Indeed the latter risked and lost everything in the defence of his faith and his liberty against Charles V’s attempt to restore the Empire to Catholicism. In 1547 he forfeited the electoral title which was transferred to his kinsman Duke Moritz in Torgau, who had taken the Emperor’s side, as well as Wittenberg and other lands. A death sentence was commuted into life imprisonment, from which he was released after five years with permission to style himself duke and “born Elector of Saxony”.
It is not known precisely when Cranach embraced the new Reformed teaching. He certainly became a personal friend of Luther as early as 1520 and created his first image of him, a print, in that year. The first painted portrait was executed in 1522. Until Luther’s death in 1546 there was a never-ending stream of prints and paintings and, from the late 1520s, a close cooperation in the production of a new iconography for the emerging Protestant church. They collaborated in the production of images deliberately designed to underscore the difference between the old faith and the new. Cranach remained loyal to Luther and to his employers. Luther never allowed anyone else to draw or to paint him. If we know today what Luther looked like, it is by virtue of the Cranach portraits.
Cranach also continued to serve his employers to the last. It is true that in 1547 he declined to follow Duke Johann into captivity. But in 1550 he joined him again – still a captive of Charles V – in Augsburg, where he also painted Charles V and met Titian. On the duke’s release two years later, Cranach accompanied him to his new court at Weimar, where he died the following year. Cranach’s iconographical commitment to both Protestantism and the Ernestine dukes remained undimmed.

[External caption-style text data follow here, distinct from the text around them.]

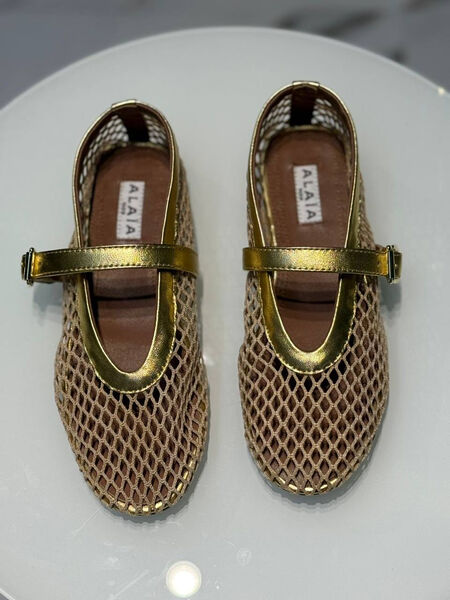 Балетки Alaïa женский кожа бронзовый 189487-2
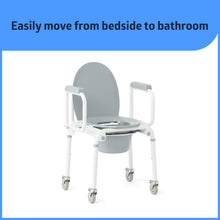 Load image into Gallery viewer, Medline Aluminum Drop-Arm Commode with 4 Locking Casters #G1-506DWX1
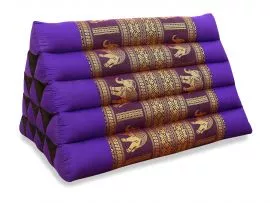 Thaikissen ohne Auflagen, Seiide  *lila / Elefanten*  (extrahoch)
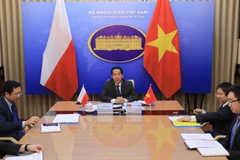 Thứ trưởng Bộ Ngoại giao Tô Anh Dũng đồng chủ trì Tham vấn chính trị cấp Thứ trưởng Ngoại giao giữa Việt Nam và Ba Lan. (Ảnh: Lâm Khánh/TTXVN)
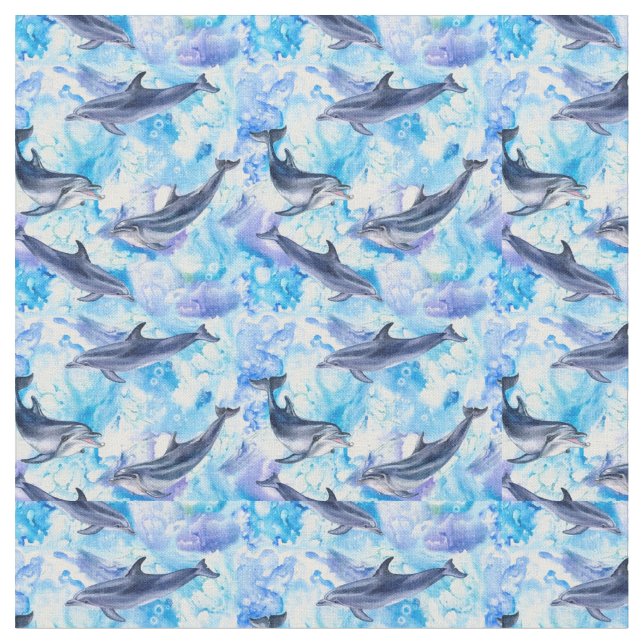Tissu watercolor dolphin fish seamlestern (Fermer)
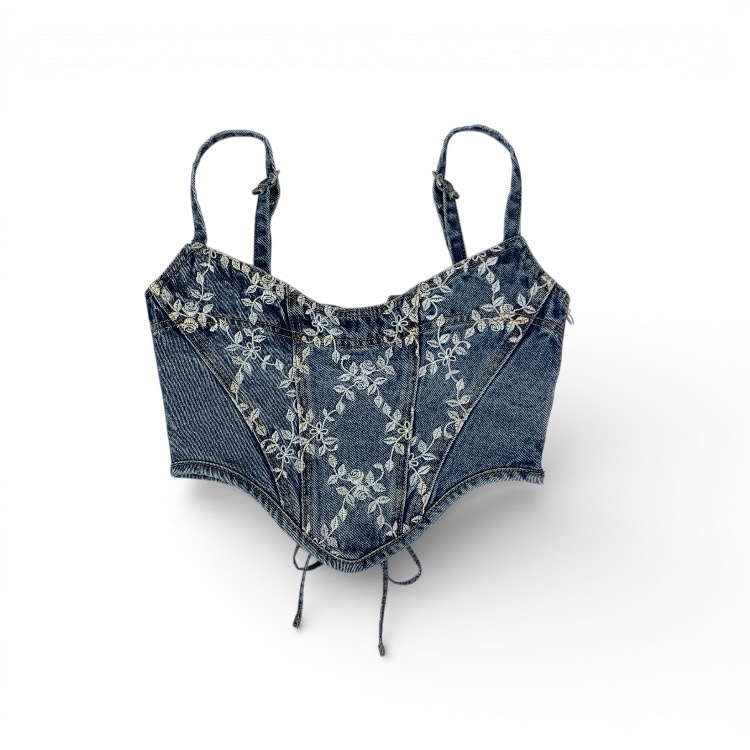 FETICO フェティコ FLOWER EMBROIDERED DENIM BUSTIER 薔薇モチーフ刺繍デニムビスチェ インディゴ 1 FTC244-0102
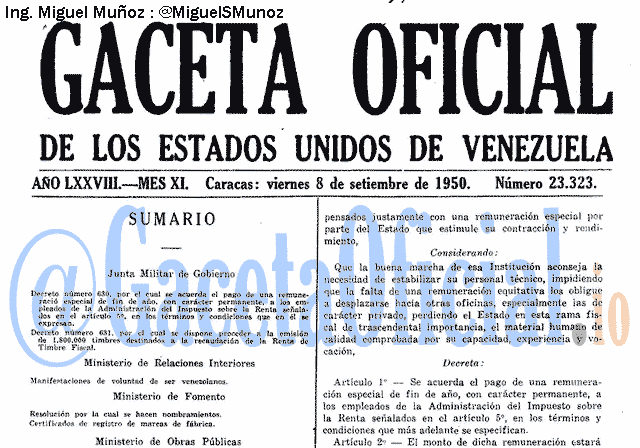 Gaceta Oficial 23323 del 8 Septiembre 1950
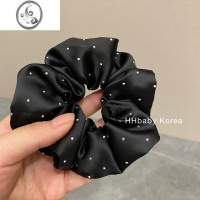 JiMi【HHBABY KR】韩国ins法式复古闪钻缎面发圈肠圈褶皱发绳女网H 点钻黑色 均码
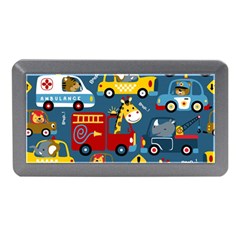 Seamless Pattern Vehicles Cartoon With Funny Drivers Memory Card Reader (mini) by Simbadda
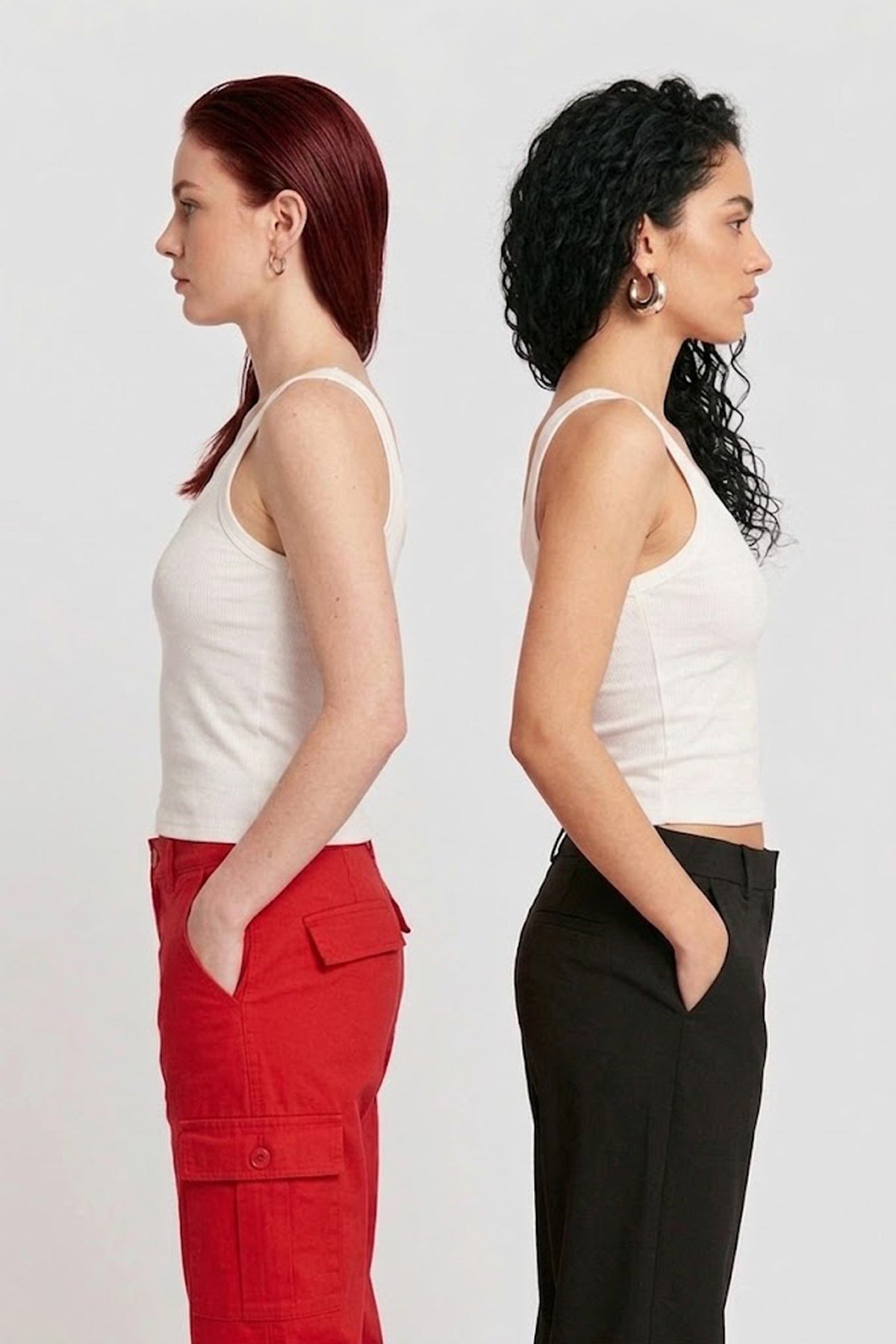 Lady Bom Kadın 2'li Set Premium Ribanalı Kaşkorse Beyaz Basic Fitilli Pamuklu Esnek Bluz Atlet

By contrast, the workshop, under the management of Lucas Cranach the Younger since 1537, remained in Wittenberg; its Protestant orientation endured, but its portraiture now focused on the new Albertine Electors of Saxony in Torgau (Dresden from 1550).
The loss of Wittenberg in 1547 and the establishment of a new court in Weimar, along with others later at Coburg, Eisenach, Altenburg and Gotha others, are the key to the three Thuringian Cranach exhibitions. The Ernestine dukes’ collections of Cranach paintings and works on paper, and works by Cranach that adorned many of their churches, were constant reminders of their historical role as the first leaders of Protestantism, and the three exhibitions in Thuringia that concentrate on the work of Lucas Cranach the Elder occupy a special place among the Cranach shows on offer this year.
Joachim Whaley is Professor of German History and Thought at the University of Cambridge and a Fellow of Gonville and Caius College. He is the author of Germany and the Holy Roman Empire 1493-1806, two volumes (2012).